_The task_
Each image should be skipped while the records are restated word for word.

_Short text fragments from websites_
****************

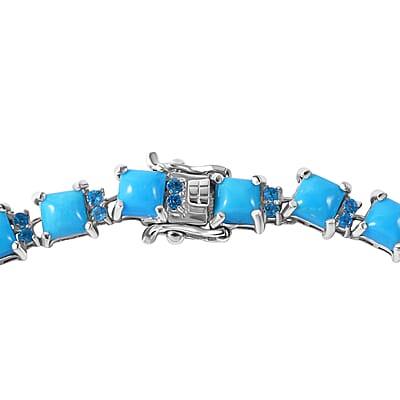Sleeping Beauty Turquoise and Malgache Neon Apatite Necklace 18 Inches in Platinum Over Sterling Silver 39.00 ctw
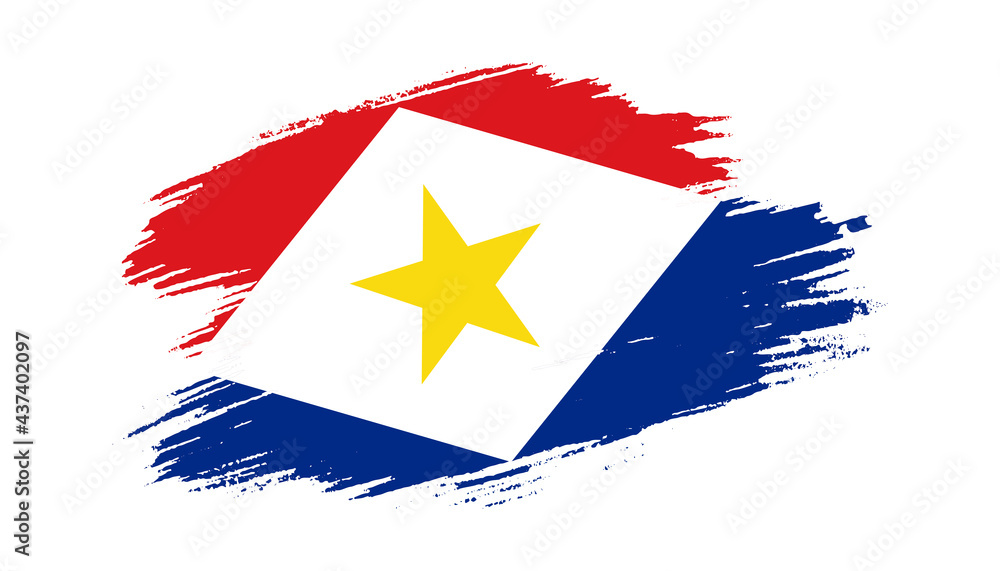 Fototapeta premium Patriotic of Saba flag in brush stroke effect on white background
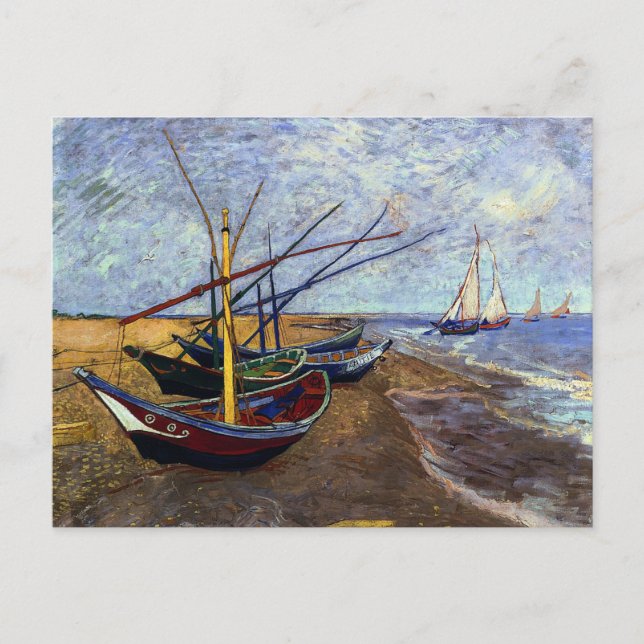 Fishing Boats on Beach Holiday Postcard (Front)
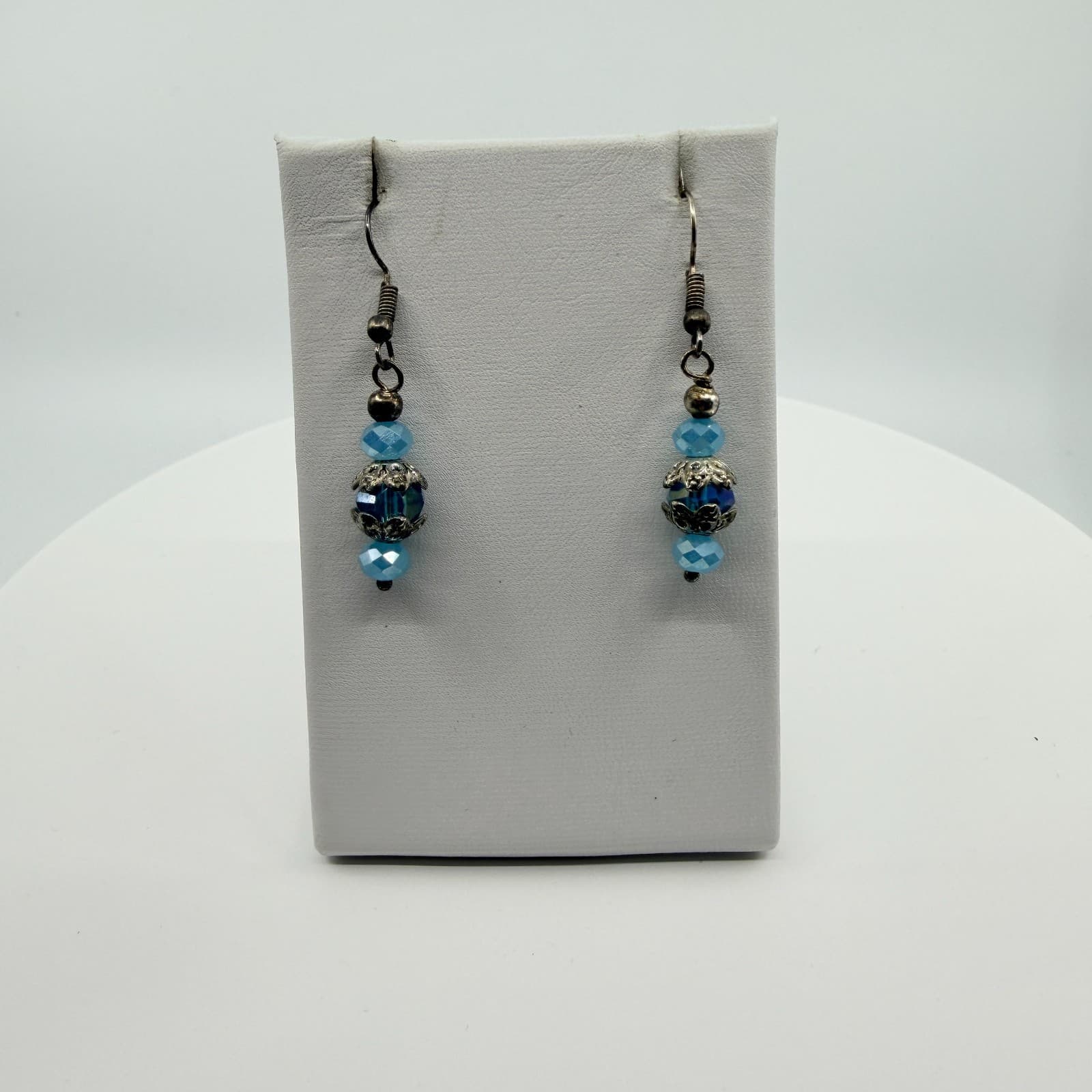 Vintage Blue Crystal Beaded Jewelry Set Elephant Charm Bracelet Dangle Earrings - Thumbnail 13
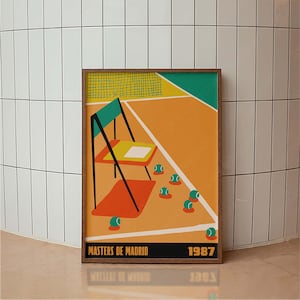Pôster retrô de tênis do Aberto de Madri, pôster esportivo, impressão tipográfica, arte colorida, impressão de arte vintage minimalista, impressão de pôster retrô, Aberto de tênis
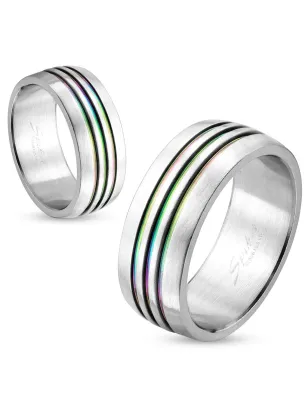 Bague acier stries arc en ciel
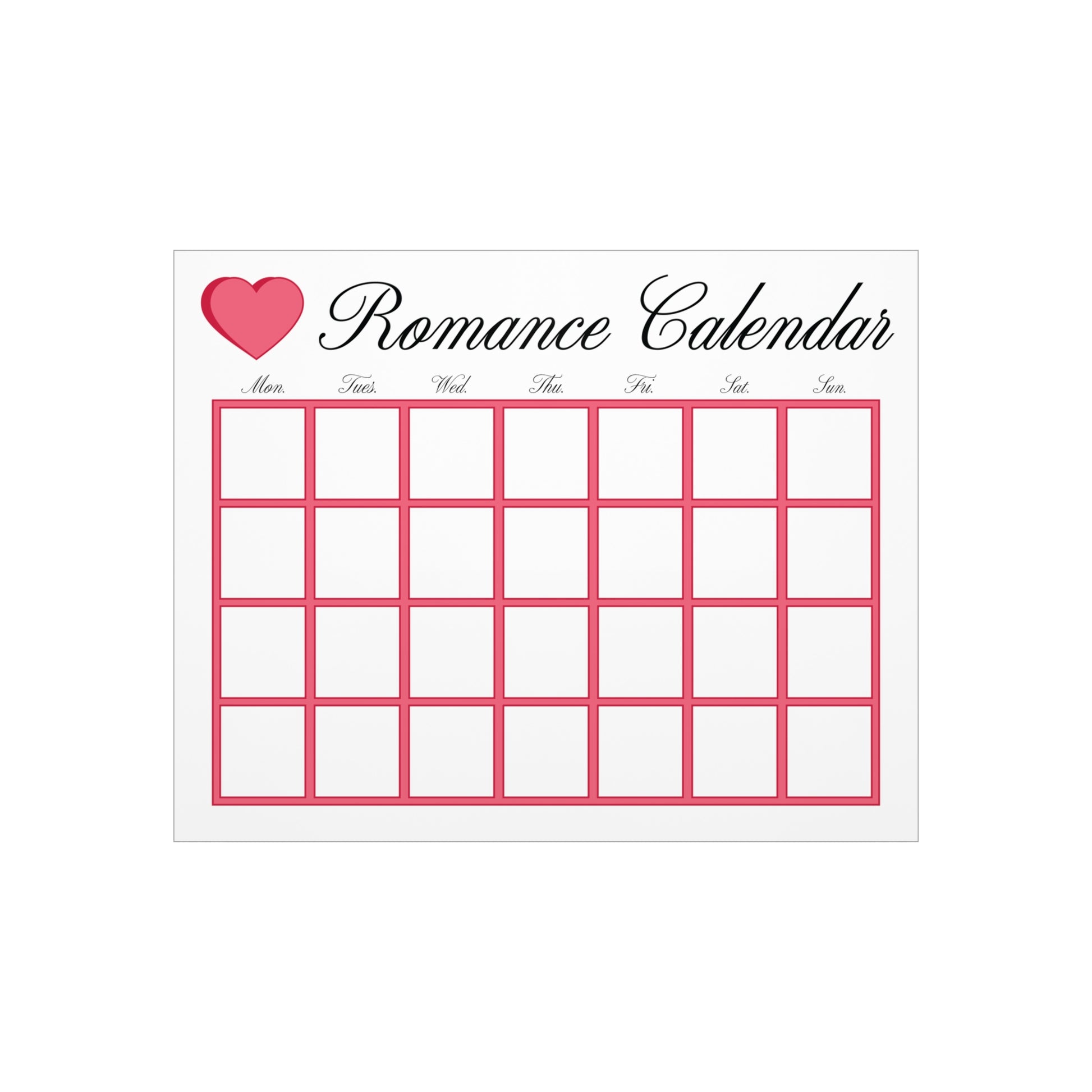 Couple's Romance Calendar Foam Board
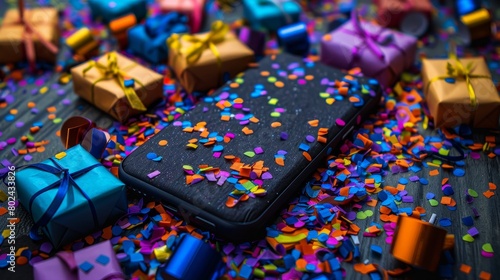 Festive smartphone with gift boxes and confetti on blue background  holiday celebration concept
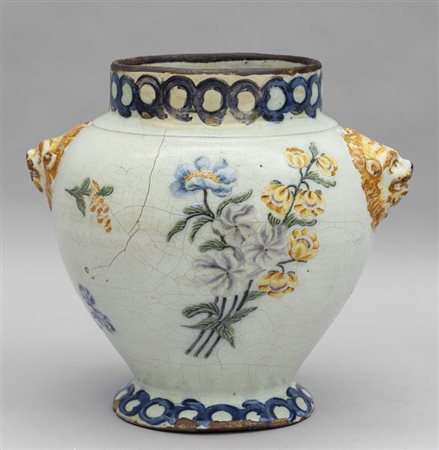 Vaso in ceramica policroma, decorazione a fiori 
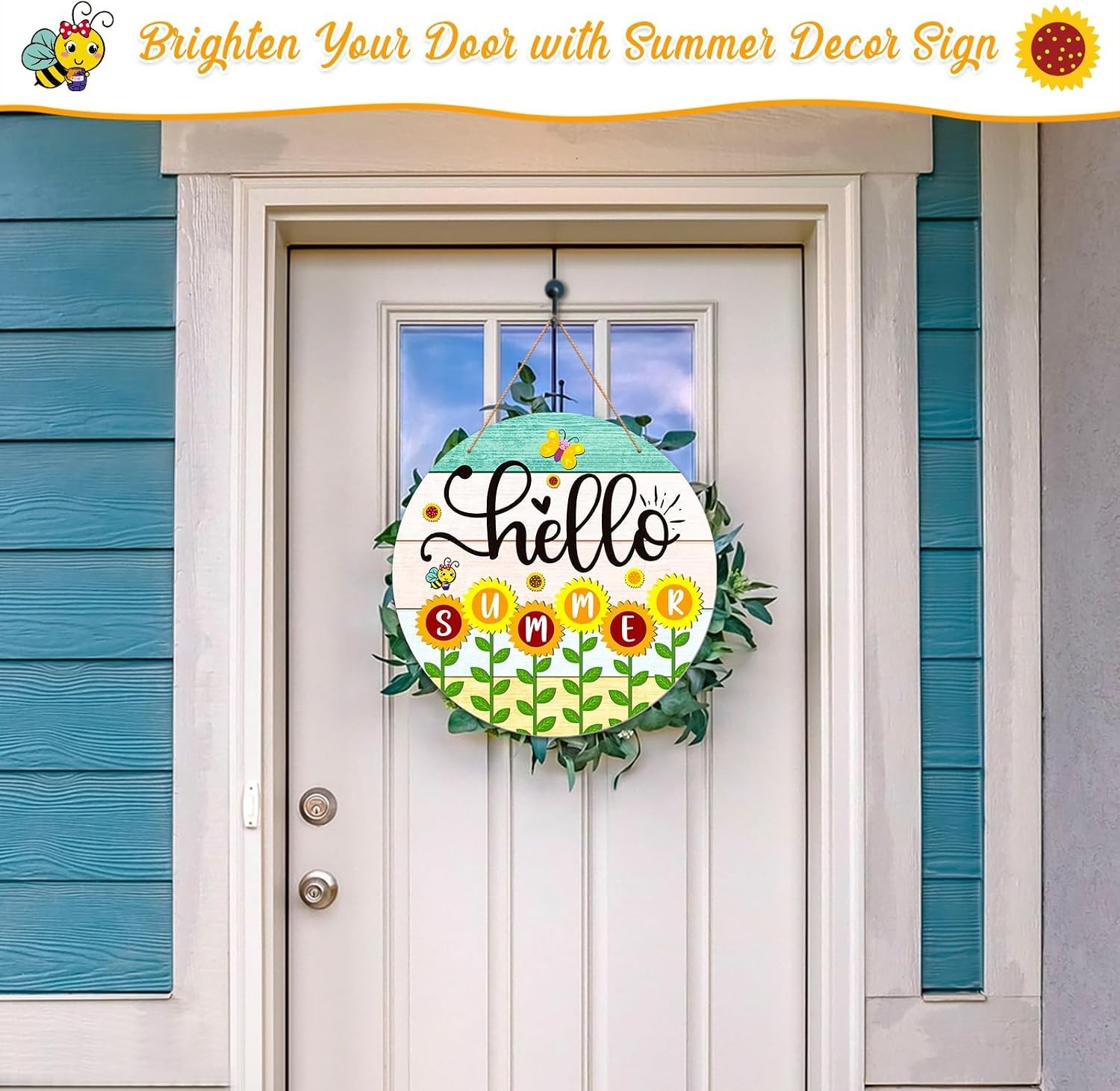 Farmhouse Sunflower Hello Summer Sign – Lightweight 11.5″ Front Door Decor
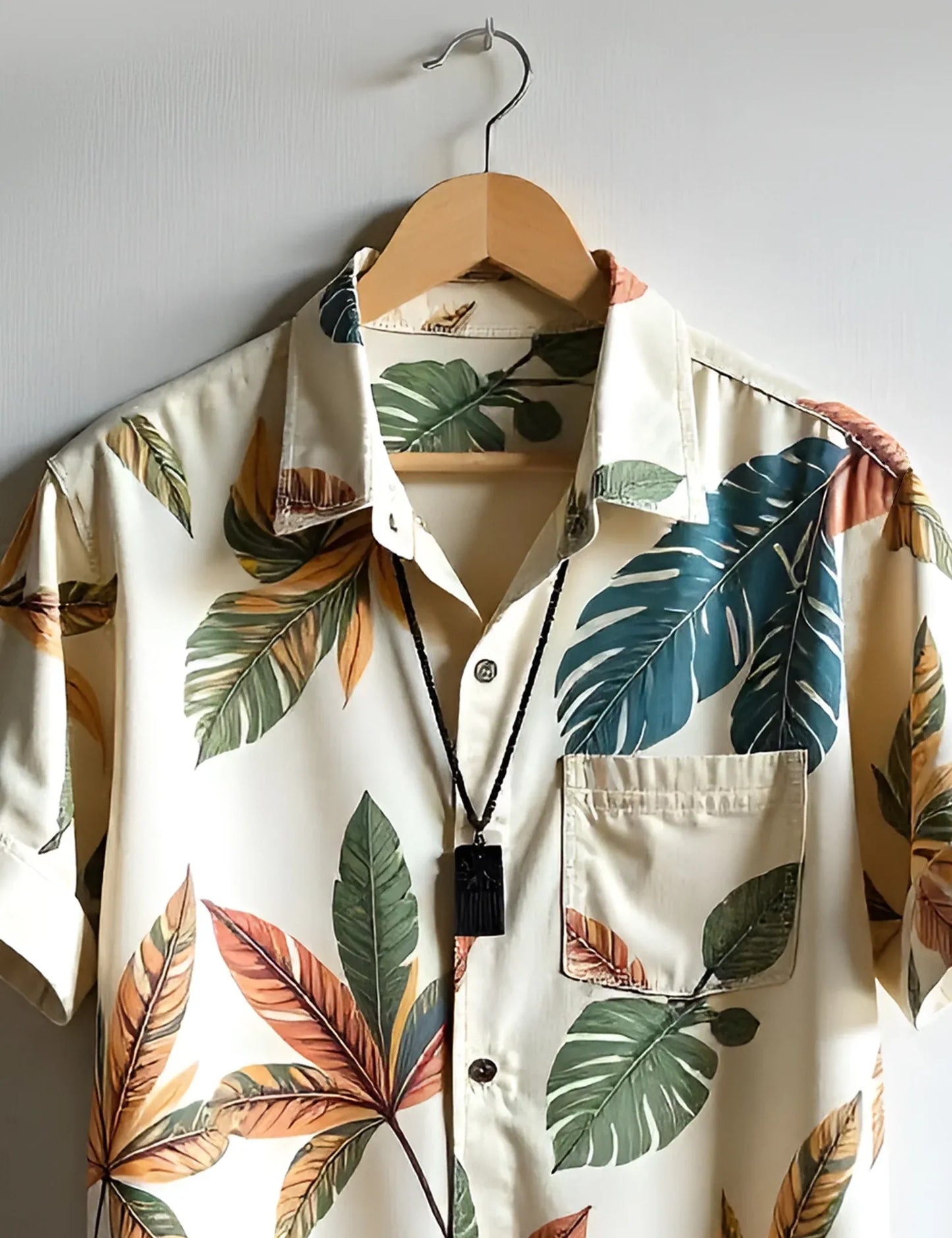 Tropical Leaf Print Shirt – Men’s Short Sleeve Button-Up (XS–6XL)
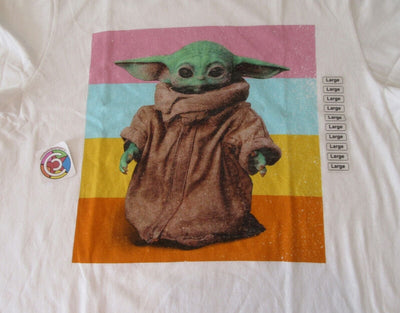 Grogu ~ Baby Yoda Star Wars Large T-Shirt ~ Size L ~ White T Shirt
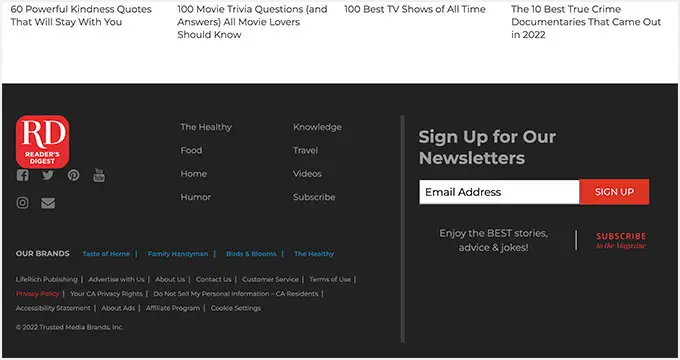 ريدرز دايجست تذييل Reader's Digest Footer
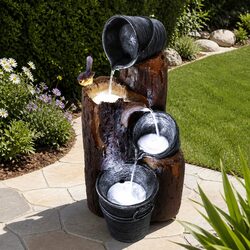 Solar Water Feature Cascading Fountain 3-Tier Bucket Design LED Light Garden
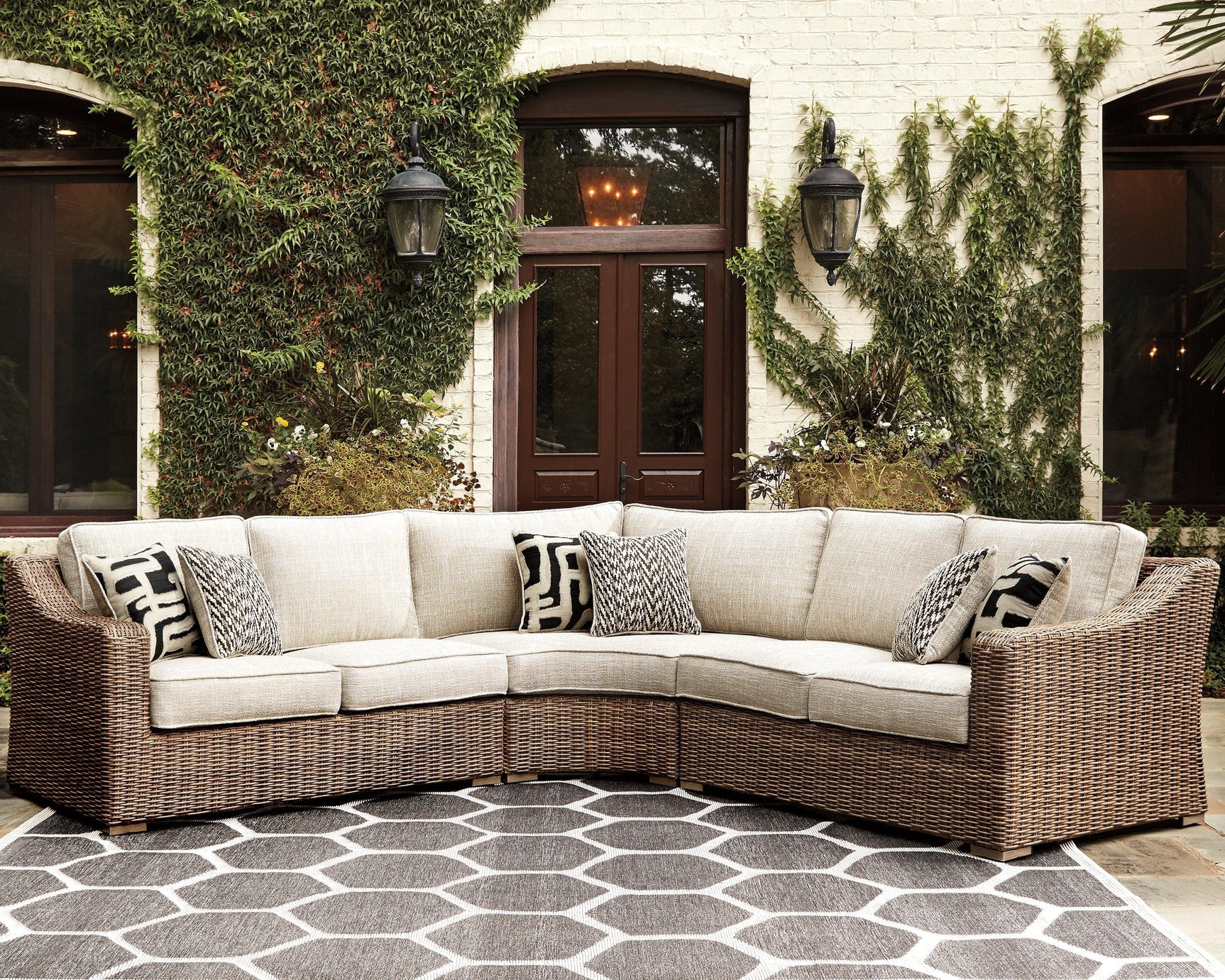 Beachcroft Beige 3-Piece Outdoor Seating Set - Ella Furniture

****************

_Answer box_
Sleeping Beauty Turquoise and Malgache Neon Apatite Necklace 18 Inches in Platinum Over Sterling Silver 39.00 ctw
 Fototapeta premium Patriotic of Saba flag in brush stroke effect on white background
 Fishing Boats on Beach Holiday Postcard (Front)
 Vintage Blue Crystal Beaded Jewelry Set Elephant Charm Bracelet Dangle Earrings - Thumbnail 13
Pôster retrô de tênis do Aberto de Madri, pôster esportivo, impressão tipográfica, arte colorida, impressão de arte vintage minimalista, impressão de pôster retrô, Aberto de tênis
 Bague acier stries arc en ciel
 Couple's Romance Calendar Foam Board
 Festive smartphone with gift boxes and confetti on blue background  holiday celebration concept
 Vaso in ceramica policroma, decorazione a fiori 
 Farmhouse Sunflower Hello Summer Sign – Lightweight 11.5″ Front Door Decor
 Tropical Leaf Print Shirt – Men’s Short Sleeve Button-Up (XS–6XL)
 Grogu ~ Baby Yoda Star Wars Large T-Shirt ~ Size L ~ White T Shirt
 ريدرز دايجست تذييل Reader's Digest Footer
 Solar Water Feature Cascading Fountain 3-Tier Bucket Design LED Light Garden
 Beachcroft Beige 3-Piece Outdoor Seating Set - Ella Furniture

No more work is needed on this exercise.